Surace, 111 F.3d at 1046.

The defendant bears the burden of proof on the risk-utility determination. Monahan v. Toro Co., 856 F. Supp. 955, 958 (E.D. Pa. 1994). The evidence on this threshold issue must be viewed in the light most favorable to the plaintiff. See Barker v. Deere Co., 60 F.3d 158, 166 (3d Cir. 1995).

Where a product is alleged to be defective because of the absence of adequate warnings or instructions, "the social policy decision is relatively simple." Fraust v. Swift Co., 610 F. Supp. 711, 713 (W.D. Pa. 1985). "In the case of an inadequate warning, . . . imposing the requirements of a proper warning will seldom detract from the utility of the product. At the same time, the cost of adding a warning, or of making an inadequate warning adequate, will at least in most cases be outweighed by the risk of harm if there is no warning." Id. (citation omitted).

In this case, a weighing of the risk-utility factors identified in Surace warrants the conclusion that the alleged defective condition of the machinery renders it "unreasonably dangerous." Accordingly, the questions of whether the product was in a defective condition when it left Defendants' possession and whether such defective condition was the proximate cause of the fatal injuries must be presented to the jury.
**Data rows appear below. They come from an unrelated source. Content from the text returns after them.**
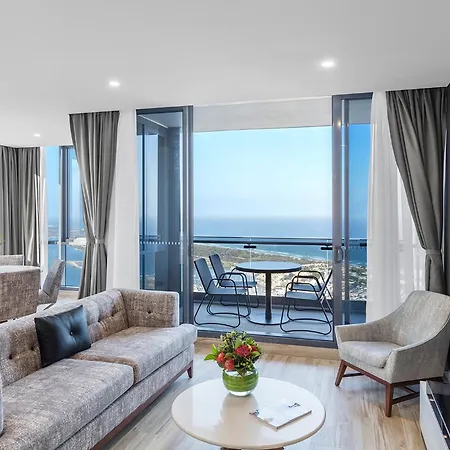 Meriton Suites Southport-2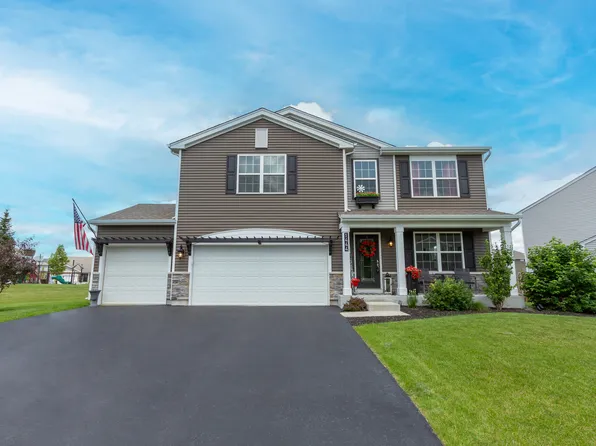 1444 Summit Ln, Pingree Grove, IL 60140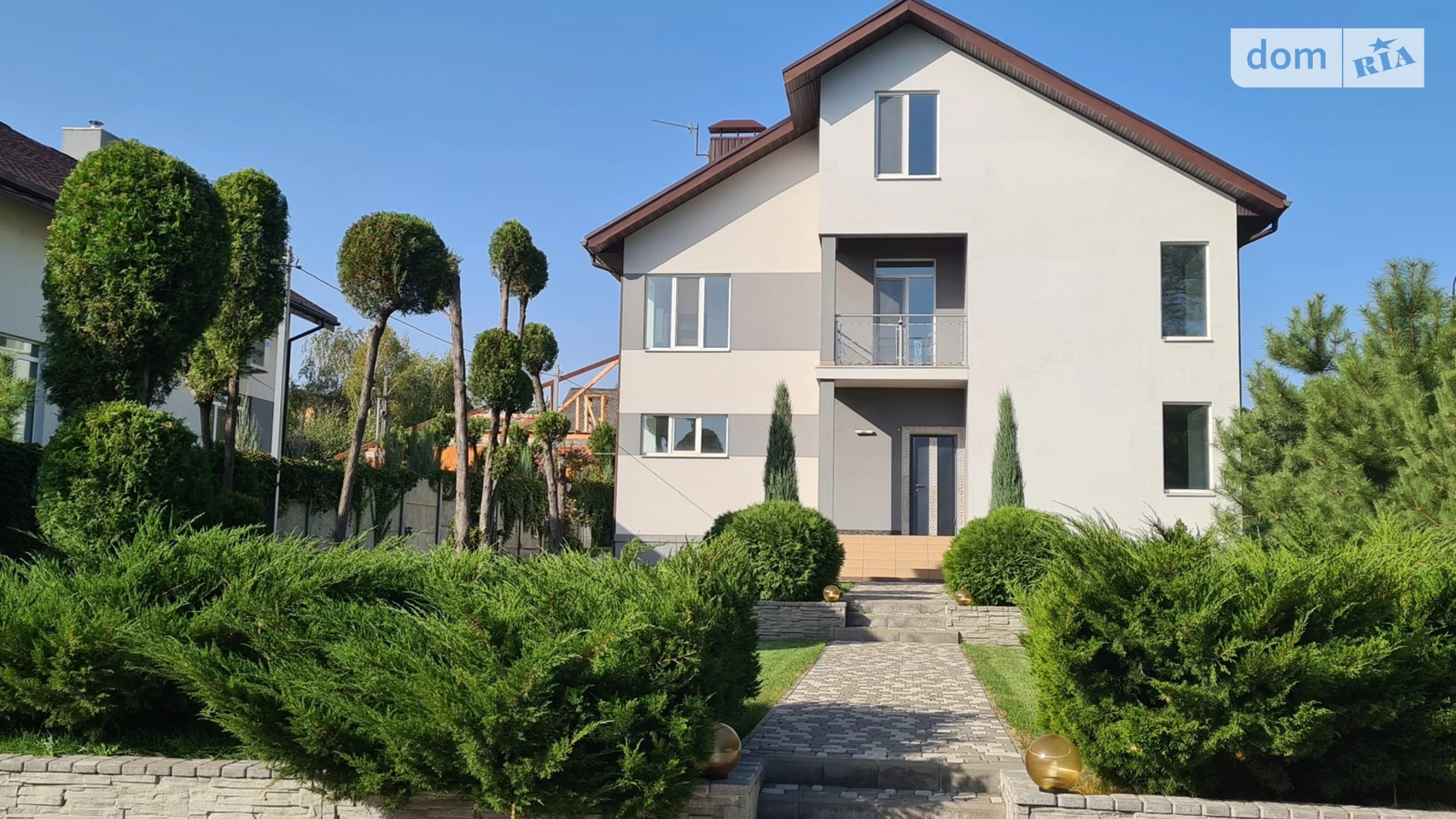 Продается дом на 3 этажа 275 кв. м с балконом, цена: 243000 $ - фото 2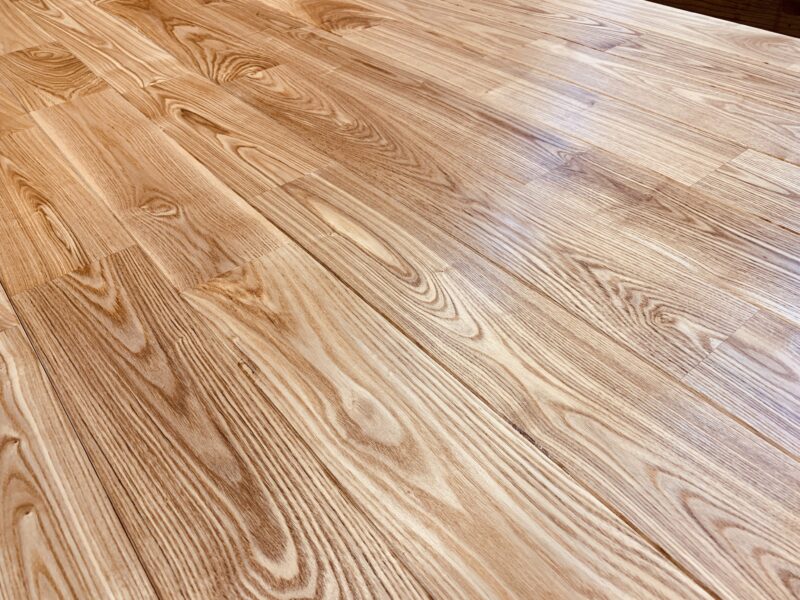 ムラにならないよう丁寧に伸ばしていきます。木が油分を吸い込み、表情が整っていきます。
As to the first factor articulated in Surace — the utility of the machinery — the uniqueness of the product itself does not suggest that it is of particular value to the public as a whole. The product is intended to allow 24/7 production. That feature has obvious value, but incorporating safety features that would interrupt production would not so destroy the product's benefit as to predominate in favor of the manufacturer.

As to the second factor, probability of injury from use of the product, it is apparent that there is a risk of harm in undertaking ordinary maintenance of the splicer. For example, the potentiometer chain, as a mechanical device, is likely to fail at some point through ordinary wear and tear and will have to be replaced, putting the mechanic in an area of danger. It is also apparent that other maintenance work on the dancer roller system would be required from time to time. Given the size of the machine and the amount of force generated by its components, any injury occurred during maintenance is very likely to be severe. Thus, this factor predominates in favor of Plaintiff.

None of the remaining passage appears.